Arurar refers to these, ‘You live in the old burning ground’. ‘Your village is the forest; your garment is the skin’,—“Urum katu utaiyum tole’: ‘you will never devoid of your unique attachment to the burning ground’—“Patakattakattu enrum parroliyay” ‘Ho has the forest as the familiar (abode)’—“Payila-k katutaiyan”. ‘Is He of the cremation ground—the charred forest’?—“Kari kataro’?

(5) Khatvanga:

The representation of the Kankala murti is found in the Kailasanatha Temple. This may be taken up along with the Bhikshatana form. Here may be noted the representation of Kankala and Khatvanga. Plate XLVi, fig. 1, gives the panel in front of the second cell from the East end of the large court on the North side of the Kailasanatha Temple. The stick is seen resting on His left shoulder. What is behind is not visible. This is visible as a chaurie in the plate LXI representing the panel on the back of the shrine at the South-west corner of the Vimana. We see the Agamas stating that the Kankala is tied up with probably chaurie as well. There is fig. 2, plate CXIX with a kankala which represents the South side panel on the side wall of Airavatesvara Temple.

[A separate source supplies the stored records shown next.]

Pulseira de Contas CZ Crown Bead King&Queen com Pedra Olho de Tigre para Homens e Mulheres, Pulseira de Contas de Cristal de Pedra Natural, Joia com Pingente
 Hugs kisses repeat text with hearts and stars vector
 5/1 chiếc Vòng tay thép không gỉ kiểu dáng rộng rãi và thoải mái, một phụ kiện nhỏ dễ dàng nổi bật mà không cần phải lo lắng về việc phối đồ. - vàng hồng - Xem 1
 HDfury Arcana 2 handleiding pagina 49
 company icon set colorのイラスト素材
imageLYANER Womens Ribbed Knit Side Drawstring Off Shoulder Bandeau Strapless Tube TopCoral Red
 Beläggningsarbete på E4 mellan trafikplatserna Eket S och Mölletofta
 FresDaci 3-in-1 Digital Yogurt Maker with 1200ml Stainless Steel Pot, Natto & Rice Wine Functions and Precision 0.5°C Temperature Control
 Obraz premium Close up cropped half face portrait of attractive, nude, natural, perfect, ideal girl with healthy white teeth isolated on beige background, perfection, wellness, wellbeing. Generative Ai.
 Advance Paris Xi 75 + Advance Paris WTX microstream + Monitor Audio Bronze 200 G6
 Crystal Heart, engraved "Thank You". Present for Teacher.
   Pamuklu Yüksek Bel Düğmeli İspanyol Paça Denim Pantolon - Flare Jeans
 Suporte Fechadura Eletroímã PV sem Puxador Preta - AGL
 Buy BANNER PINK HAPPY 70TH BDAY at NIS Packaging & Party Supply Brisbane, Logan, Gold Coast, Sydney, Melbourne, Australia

The Khatvanga has been identified in one of the panels by Dr. Mlnaksi, in the shrine. It is seen in Rea’s Plate XXXIX, fig. 4. His description had already been mentioned whilst describing the panels containing the Mother. This misinterpretation is due to bad touching up and white-washing. Her interpretation is this: “There are two ganas at the feet of Shiva one above the other. The lower one holds a staff at the top of which we see a skull fixed and sheltered by the hood of a fine serpent entwining the staff”, because of which serpent, as she points out, “the Pallava, ‘the khatvangabhrt’ comes to be called “Pamputaippallavar kdn’\—the chief of the Pallavas with the serpent”. Arurar also speaks of the “Vital arava-k koti";—‘the flag of the Bull and the Serpent’. Pallava had both these emblems—the bull and the khatvanga. Shiva, according to the legend here narrated, has both these flags. In fig. 1, of Plate XLIII in Rea, representing the panel from the north on the North side of court, there is a gana carrying a staff with a joint at the top. What Rea represents as ‘gall’ is possibly the bull. What he calls a lotus is probably the skull and the hood of the serpent. This, therefore, may be taken to be a representation of the khatvanga.